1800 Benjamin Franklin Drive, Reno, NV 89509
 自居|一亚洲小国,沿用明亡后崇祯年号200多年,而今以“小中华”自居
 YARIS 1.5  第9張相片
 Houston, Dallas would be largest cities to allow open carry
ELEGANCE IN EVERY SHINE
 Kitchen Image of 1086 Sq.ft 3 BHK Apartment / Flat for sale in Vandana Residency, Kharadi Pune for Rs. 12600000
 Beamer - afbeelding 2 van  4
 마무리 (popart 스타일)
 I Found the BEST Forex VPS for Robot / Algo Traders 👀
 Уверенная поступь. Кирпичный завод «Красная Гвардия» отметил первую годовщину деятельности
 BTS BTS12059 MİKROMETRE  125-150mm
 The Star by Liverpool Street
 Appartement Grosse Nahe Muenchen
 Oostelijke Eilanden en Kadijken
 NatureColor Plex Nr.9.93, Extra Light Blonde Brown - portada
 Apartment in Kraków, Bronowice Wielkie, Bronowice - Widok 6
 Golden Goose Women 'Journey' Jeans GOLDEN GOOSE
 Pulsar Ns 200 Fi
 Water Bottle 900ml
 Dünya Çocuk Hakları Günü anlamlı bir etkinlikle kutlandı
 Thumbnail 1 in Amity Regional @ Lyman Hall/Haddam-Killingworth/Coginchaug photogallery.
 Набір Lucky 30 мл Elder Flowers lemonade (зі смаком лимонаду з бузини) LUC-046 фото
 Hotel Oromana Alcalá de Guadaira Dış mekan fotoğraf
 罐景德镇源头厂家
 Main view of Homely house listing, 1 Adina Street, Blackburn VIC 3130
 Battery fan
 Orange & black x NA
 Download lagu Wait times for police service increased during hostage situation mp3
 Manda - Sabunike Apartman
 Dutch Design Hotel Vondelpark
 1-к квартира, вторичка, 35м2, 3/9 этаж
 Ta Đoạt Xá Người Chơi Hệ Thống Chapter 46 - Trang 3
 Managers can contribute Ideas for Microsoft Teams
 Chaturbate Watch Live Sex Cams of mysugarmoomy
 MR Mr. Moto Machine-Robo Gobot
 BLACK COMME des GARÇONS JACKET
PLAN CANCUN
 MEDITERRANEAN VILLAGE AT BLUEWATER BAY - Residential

# # #

Read through the entries and copy each line in which "Street" appears.

 The Star by Liverpool Street
 Main view of Homely house listing, 1 Adina Street, Blackburn VIC 3130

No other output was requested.